[Data for the task]

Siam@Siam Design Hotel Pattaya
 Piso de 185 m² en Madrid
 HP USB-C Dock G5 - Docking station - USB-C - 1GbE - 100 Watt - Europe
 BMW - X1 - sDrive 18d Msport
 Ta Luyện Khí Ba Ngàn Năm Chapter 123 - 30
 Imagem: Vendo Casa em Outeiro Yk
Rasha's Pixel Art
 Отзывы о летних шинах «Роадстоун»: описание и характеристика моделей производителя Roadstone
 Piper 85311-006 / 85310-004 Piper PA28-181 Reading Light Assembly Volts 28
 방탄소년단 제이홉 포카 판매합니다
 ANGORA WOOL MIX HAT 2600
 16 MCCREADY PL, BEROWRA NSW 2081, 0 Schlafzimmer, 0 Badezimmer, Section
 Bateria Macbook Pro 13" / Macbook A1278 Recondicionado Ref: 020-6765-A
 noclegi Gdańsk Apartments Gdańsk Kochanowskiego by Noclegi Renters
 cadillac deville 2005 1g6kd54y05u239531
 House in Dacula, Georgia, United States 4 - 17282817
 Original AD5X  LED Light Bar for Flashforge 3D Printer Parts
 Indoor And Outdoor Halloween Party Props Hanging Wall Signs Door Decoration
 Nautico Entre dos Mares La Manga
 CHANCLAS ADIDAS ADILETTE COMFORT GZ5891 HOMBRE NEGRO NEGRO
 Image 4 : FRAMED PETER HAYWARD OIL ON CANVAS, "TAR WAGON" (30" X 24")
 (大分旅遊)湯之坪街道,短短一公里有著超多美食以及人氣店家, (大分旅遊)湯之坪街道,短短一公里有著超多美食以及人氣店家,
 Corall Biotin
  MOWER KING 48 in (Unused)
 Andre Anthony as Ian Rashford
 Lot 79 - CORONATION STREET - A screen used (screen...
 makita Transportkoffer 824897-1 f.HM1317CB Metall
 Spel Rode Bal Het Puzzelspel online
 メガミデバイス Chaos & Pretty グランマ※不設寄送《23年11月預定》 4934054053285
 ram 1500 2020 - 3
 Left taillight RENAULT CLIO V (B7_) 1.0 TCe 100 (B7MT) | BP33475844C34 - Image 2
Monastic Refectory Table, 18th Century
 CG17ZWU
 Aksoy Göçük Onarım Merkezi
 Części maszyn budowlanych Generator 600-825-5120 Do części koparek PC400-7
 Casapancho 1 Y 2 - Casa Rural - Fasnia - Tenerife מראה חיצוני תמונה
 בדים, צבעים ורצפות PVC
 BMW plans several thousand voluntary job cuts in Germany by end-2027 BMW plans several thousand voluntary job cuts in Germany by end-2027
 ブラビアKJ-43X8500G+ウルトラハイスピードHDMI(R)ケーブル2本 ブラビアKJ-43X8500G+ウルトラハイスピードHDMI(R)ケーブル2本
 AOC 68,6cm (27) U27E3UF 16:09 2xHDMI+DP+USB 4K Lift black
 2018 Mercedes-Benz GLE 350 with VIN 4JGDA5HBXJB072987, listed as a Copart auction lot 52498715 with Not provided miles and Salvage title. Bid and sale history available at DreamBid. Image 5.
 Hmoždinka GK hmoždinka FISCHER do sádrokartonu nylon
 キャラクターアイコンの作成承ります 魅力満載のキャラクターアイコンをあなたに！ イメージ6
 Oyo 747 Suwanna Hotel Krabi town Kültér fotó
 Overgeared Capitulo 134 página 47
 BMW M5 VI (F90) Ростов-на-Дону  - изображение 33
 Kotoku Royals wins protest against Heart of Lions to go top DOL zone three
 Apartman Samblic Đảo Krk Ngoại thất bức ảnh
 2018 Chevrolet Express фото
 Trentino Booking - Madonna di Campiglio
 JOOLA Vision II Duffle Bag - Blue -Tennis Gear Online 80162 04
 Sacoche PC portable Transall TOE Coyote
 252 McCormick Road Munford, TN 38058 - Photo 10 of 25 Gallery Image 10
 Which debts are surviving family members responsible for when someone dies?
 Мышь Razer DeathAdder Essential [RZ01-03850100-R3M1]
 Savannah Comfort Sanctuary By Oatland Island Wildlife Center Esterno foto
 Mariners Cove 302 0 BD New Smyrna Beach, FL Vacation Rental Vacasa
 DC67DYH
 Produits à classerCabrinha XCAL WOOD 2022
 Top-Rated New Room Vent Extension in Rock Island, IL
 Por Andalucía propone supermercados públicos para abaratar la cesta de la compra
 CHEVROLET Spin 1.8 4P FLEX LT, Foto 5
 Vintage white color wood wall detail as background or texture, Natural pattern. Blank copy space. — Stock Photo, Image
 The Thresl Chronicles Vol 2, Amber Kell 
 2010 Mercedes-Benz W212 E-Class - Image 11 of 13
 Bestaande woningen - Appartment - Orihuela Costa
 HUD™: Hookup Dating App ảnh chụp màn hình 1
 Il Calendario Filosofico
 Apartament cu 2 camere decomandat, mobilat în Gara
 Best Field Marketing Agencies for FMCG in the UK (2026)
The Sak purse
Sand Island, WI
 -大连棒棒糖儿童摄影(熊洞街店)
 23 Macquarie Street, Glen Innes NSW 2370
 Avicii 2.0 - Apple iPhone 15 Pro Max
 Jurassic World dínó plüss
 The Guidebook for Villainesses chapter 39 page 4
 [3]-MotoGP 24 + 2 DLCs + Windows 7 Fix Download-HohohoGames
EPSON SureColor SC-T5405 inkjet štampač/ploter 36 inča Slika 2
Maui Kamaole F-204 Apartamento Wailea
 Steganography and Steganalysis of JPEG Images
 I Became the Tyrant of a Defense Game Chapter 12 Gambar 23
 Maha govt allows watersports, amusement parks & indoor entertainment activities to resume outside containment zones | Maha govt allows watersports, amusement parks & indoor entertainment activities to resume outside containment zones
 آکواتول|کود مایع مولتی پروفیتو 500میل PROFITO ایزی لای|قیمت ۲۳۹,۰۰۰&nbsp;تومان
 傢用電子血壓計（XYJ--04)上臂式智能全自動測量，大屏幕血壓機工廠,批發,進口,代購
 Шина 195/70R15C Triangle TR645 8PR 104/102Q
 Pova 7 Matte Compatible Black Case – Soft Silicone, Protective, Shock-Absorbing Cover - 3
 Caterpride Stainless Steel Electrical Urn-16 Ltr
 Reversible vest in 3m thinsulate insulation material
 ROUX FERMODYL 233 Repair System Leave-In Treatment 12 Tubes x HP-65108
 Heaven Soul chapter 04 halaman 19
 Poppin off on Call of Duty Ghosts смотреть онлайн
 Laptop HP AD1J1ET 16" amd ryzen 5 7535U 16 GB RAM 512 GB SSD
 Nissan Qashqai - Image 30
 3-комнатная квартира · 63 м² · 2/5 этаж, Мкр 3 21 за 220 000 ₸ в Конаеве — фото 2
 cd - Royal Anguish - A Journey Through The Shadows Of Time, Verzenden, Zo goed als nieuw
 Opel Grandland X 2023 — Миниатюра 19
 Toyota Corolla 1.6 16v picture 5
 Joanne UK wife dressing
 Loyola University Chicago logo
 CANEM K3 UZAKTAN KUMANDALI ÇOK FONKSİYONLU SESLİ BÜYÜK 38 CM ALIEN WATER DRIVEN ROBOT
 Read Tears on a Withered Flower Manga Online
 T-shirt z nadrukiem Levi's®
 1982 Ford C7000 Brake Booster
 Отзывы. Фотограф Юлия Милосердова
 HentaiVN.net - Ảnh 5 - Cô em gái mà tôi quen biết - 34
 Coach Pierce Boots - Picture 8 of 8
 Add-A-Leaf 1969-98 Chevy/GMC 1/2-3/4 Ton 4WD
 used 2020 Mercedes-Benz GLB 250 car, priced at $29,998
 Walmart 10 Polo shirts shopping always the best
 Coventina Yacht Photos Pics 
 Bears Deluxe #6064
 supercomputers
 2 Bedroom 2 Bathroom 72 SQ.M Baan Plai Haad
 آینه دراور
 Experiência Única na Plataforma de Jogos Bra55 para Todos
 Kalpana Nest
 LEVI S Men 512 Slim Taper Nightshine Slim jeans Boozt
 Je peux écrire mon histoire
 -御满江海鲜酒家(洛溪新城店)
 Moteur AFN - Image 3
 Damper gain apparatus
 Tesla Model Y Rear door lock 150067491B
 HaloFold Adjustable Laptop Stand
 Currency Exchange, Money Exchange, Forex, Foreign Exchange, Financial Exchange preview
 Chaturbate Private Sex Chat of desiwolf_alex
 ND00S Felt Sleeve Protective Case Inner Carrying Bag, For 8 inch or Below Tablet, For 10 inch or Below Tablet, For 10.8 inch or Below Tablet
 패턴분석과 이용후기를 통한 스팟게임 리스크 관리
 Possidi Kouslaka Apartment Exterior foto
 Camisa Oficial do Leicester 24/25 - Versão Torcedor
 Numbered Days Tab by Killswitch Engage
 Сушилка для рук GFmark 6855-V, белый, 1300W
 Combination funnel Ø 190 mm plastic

[Try it] Reproduce exactly, and only, the lines from the start of the entries through the one that contains "16 MCCREADY PL, BEROWRA".

[Answer space]
Siam@Siam Design Hotel Pattaya
 Piso de 185 m² en Madrid
 HP USB-C Dock G5 - Docking station - USB-C - 1GbE - 100 Watt - Europe
 BMW - X1 - sDrive 18d Msport
 Ta Luyện Khí Ba Ngàn Năm Chapter 123 - 30
 Imagem: Vendo Casa em Outeiro Yk
Rasha's Pixel Art
 Отзывы о летних шинах «Роадстоун»: описание и характеристика моделей производителя Roadstone
 Piper 85311-006 / 85310-004 Piper PA28-181 Reading Light Assembly Volts 28
 방탄소년단 제이홉 포카 판매합니다
 ANGORA WOOL MIX HAT 2600
 16 MCCREADY PL, BEROWRA NSW 2081, 0 Schlafzimmer, 0 Badezimmer, Section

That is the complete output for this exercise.